In my mind's eye, the pain appeared as a corpse. I felt my scoliosis strain in its position and with it, I saw tissues and cords of light pulling together, choking my heart. I realized I had perished in one lifetime of a broken heart! Upon realizing this, the tension in my left side began to subside. I felt my spine release! My tears flowed and blended with the motherly sea that caressed me in her bosom. Gratitude overcame me at this self-realization; emanations from this death - a longing for someone or someplace that was wrenched from me - were free from my subconscious. Another memory from a past life would no longer be a driving force in this life. I opened my soul to the universe again.
In my mind's eye appeared a great spirit, a great orca. The vision floated before me and our thoughts blended. He allowed his great body to list slightly as though relaxing in the support of the water and his message came to me: Cease resistance to the water. In a few seconds, the boundary that was once my skin vanished, and the saline current blended completely and peacefully with my blood, mind and soul. I was aware of every nuance that is the ocean's whim. Every ripple and splash was inside of me. I perceived my transparent aqua body and saw the sunlight dancing, piercing through to form its undulating patterns on the sandy ocean floor. I sensed the plankton, the minnows, and invertebrates; every living thing was communicating to me through the salty matrix. I sensed my team's energy as they began to withdraw from me. They backed away, gently holding a space, and I floated peacefully in the company of the universe to freedom.
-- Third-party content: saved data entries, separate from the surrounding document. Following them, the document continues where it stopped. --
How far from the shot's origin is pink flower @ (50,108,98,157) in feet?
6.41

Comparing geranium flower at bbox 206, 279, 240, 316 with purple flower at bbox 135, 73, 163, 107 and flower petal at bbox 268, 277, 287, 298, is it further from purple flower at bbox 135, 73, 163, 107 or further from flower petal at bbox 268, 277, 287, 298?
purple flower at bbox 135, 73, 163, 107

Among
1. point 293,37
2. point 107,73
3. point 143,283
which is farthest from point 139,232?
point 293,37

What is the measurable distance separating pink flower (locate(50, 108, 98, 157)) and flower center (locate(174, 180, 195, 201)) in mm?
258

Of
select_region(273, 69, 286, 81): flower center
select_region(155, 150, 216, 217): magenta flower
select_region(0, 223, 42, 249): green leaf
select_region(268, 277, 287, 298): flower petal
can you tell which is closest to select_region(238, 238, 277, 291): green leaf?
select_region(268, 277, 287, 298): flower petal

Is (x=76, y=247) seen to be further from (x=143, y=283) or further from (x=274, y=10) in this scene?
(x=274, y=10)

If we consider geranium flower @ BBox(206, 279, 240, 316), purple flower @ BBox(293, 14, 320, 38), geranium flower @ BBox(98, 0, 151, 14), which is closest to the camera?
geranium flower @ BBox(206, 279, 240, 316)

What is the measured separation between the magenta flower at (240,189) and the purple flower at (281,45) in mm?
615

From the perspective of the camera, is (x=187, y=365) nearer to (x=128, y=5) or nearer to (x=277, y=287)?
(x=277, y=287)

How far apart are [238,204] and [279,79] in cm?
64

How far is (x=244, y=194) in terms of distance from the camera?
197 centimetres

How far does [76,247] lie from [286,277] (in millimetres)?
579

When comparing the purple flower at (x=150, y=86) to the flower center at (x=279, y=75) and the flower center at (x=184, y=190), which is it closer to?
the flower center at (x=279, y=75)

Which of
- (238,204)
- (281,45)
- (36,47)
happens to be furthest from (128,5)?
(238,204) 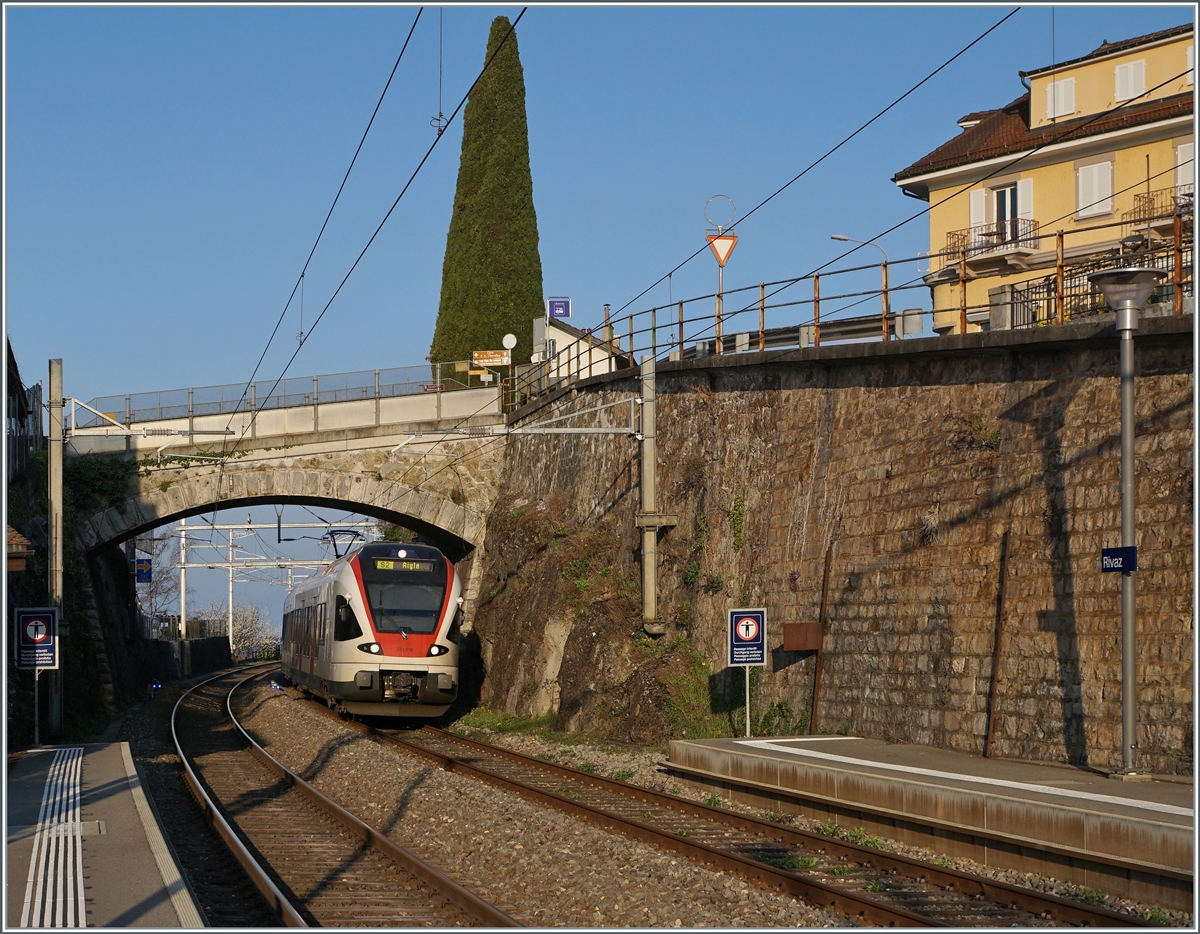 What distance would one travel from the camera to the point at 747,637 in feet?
59.8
Why would someone go through such a process? Well, it was not a tribulation, and the existential value is directly equal to the results. For me, the results are lucid thoughts and a peaceful soul that has somehow blended with the vast universe.
The intrinsic value of this endeavor was moving closer to the real person I am and discovering a powerful inner being - the kind that exists in all of us. At the same time, I feel as though I have been "promoted" to a newborn, learning about a new world.
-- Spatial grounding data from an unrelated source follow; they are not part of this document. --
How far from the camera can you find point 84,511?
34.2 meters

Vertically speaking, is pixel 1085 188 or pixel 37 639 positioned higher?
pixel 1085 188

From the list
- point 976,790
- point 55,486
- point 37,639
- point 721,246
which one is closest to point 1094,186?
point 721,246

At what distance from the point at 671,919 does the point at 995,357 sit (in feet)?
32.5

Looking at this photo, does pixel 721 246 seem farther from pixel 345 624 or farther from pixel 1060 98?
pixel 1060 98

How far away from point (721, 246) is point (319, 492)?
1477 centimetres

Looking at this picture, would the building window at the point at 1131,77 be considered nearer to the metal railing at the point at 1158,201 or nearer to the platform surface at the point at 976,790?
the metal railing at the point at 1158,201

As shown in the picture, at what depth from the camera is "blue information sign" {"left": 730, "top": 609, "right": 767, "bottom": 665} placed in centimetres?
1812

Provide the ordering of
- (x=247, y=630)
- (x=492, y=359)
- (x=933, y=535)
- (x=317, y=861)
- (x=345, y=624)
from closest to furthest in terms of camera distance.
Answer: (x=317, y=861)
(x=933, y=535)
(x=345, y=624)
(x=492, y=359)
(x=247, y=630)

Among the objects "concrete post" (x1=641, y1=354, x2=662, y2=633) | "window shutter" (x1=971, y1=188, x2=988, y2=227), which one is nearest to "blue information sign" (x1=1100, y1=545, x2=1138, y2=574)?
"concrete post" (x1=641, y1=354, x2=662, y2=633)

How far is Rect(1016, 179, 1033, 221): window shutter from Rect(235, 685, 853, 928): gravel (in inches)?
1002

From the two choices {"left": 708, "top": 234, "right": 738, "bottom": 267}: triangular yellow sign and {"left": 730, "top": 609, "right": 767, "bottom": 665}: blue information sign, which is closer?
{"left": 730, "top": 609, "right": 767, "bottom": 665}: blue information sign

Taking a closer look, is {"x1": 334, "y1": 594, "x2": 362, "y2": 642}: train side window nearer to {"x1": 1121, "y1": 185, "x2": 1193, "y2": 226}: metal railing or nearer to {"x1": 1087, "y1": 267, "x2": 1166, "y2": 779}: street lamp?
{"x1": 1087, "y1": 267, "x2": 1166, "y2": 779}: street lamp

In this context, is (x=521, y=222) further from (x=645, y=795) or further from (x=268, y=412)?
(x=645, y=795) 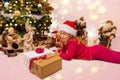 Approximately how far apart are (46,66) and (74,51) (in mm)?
508

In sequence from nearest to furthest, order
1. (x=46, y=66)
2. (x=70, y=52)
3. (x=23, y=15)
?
1. (x=46, y=66)
2. (x=70, y=52)
3. (x=23, y=15)

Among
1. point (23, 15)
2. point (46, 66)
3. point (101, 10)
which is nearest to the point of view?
point (46, 66)

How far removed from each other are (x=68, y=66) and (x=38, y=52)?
0.33 meters

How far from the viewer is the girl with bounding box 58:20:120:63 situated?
195cm

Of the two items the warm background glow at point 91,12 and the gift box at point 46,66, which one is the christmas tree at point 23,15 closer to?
the warm background glow at point 91,12

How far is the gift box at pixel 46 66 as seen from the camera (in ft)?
5.08

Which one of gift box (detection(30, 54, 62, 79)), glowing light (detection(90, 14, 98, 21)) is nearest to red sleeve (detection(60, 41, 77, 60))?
gift box (detection(30, 54, 62, 79))

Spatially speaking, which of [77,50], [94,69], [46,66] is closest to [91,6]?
[77,50]

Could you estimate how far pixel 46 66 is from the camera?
5.11ft

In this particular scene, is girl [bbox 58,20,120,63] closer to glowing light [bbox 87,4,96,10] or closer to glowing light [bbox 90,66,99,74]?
glowing light [bbox 90,66,99,74]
To quote my mentor's parting words to this class, "There is a lot of good in every one of us." In that process, I learned of a new and better way to live in the universe.
Donna Snow Spears is a massage therapist in Ormond Beach, Fla. She specializes in neuromuscular therapy and has been studying CranioSacral Therapy at the Upledger Institute for the past four years. She looks forward to completing the CranioSacral diplomat certification in the near future.